[Opening The input section]

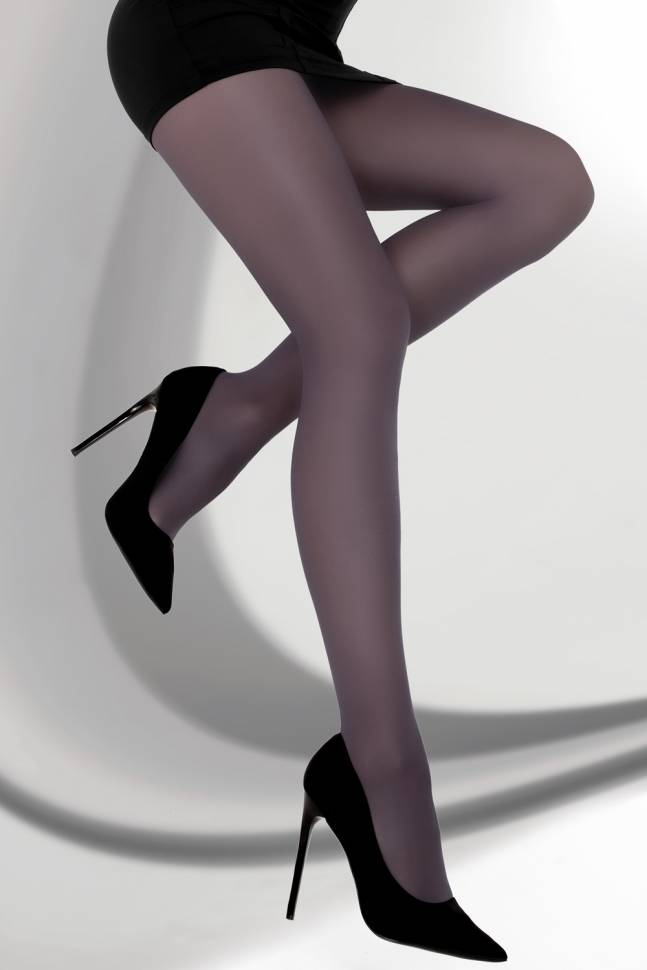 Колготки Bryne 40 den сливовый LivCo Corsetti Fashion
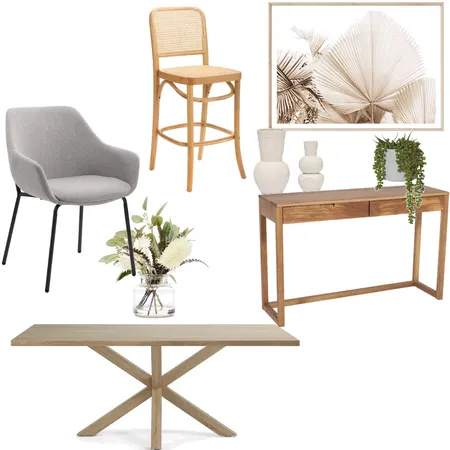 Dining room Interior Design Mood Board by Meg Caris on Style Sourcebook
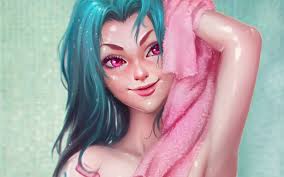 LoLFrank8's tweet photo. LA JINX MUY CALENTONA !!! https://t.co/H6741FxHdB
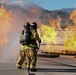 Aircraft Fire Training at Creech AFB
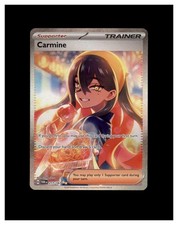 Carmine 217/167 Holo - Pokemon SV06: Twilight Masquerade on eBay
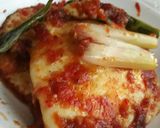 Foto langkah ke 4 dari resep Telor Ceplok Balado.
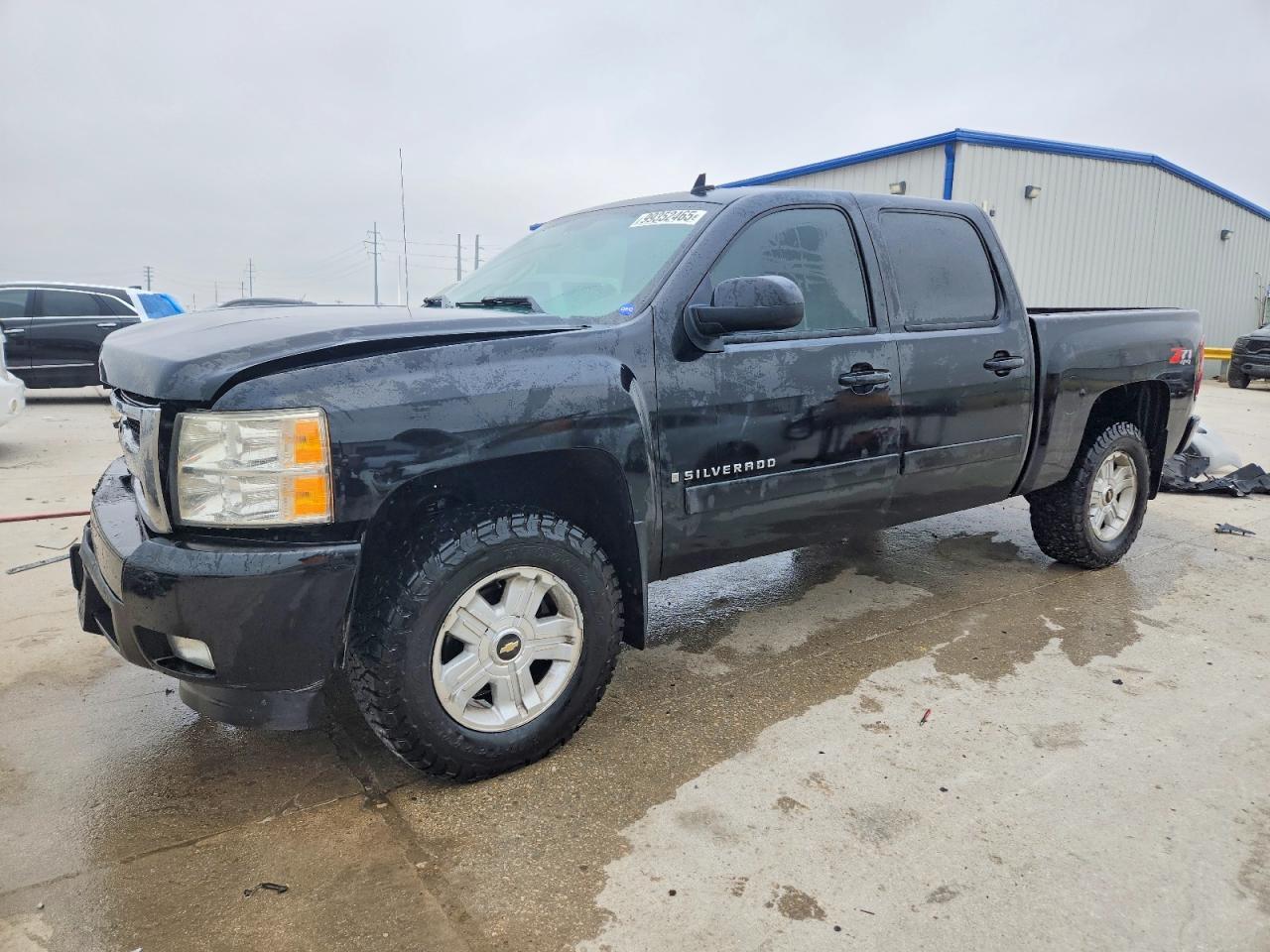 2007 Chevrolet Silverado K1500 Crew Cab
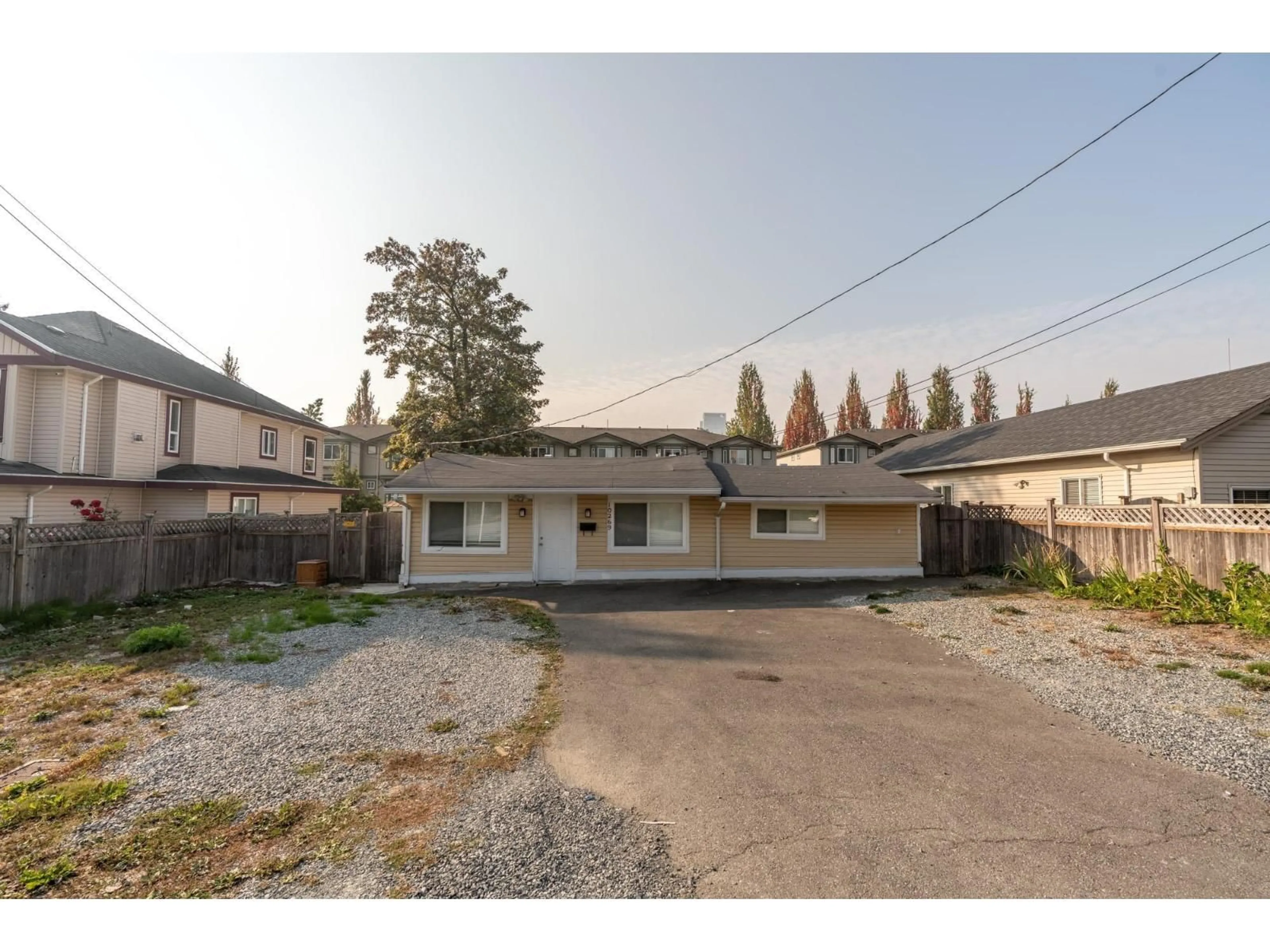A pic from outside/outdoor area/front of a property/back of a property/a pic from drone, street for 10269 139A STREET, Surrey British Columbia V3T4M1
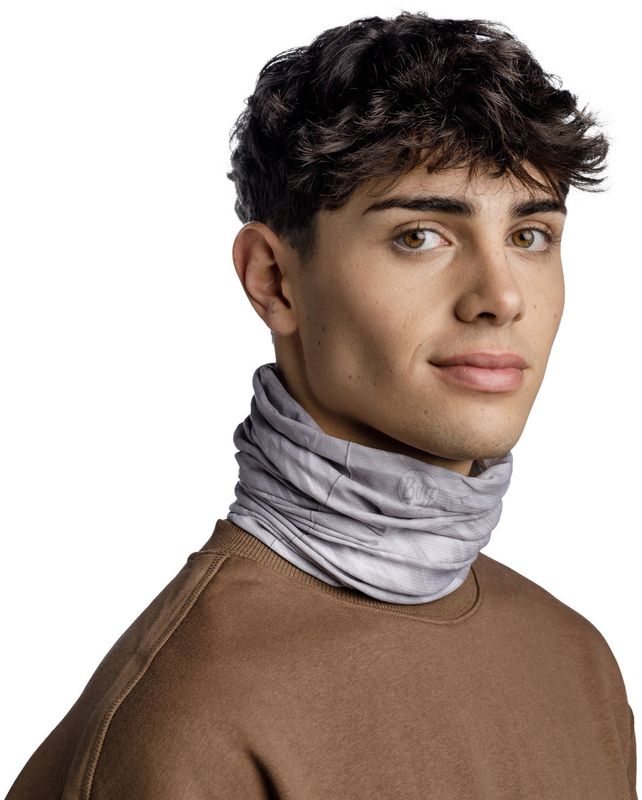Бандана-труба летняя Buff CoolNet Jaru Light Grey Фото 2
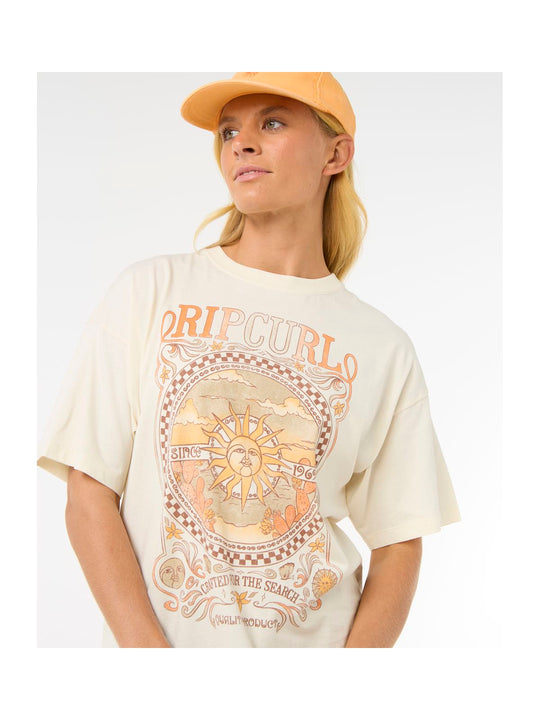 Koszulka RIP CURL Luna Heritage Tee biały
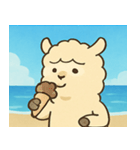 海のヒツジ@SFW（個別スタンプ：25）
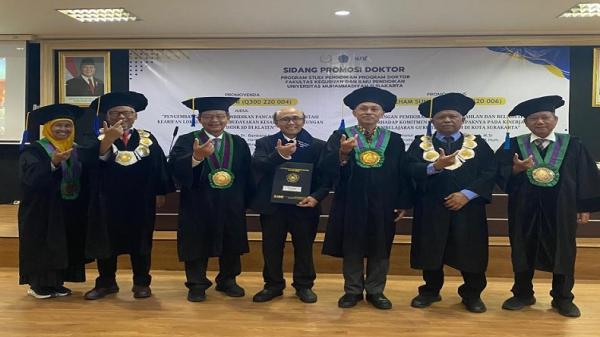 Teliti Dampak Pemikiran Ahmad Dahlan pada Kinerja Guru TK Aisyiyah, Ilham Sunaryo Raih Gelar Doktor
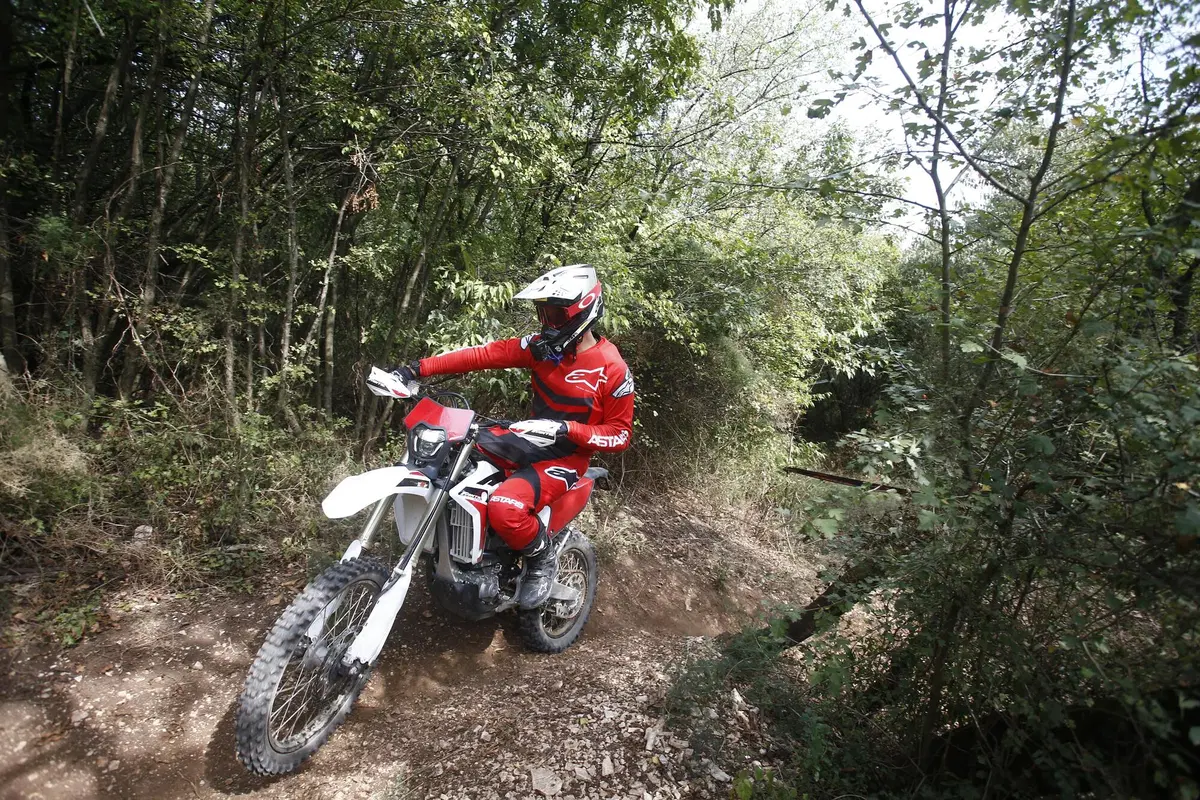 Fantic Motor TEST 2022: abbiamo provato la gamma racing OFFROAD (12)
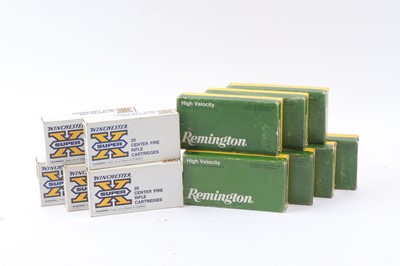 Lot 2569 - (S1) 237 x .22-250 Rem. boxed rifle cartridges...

[Closing The input section]

- What the task asks -
What is needed is an exact repeat of the lines from the one containing "2007 Chevrolet Silverado K1500 Crew Cab" through the last line of the records above, both included, with pictures left out.

- Exercise output -
 2007 Chevrolet Silverado K1500 Crew Cab
A pic from outside/outdoor area/front of a property/back of a property/a pic from drone, street for 10269 139A STREET, Surrey British Columbia V3T4M1
Бандана-труба летняя Buff CoolNet Jaru Light Grey Фото 2
 Koszulka RIP CURL Luna Heritage Tee biały
 海のヒツジ@SFW（個別スタンプ：25）
 Teliti Dampak Pemikiran Ahmad Dahlan pada Kinerja Guru TK Aisyiyah, Ilham Sunaryo Raih Gelar Doktor
 Fantic Motor TEST 2022: abbiamo provato la gamma racing OFFROAD (12)
 Lot 2569 - (S1) 237 x .22-250 Rem. boxed rifle cartridges...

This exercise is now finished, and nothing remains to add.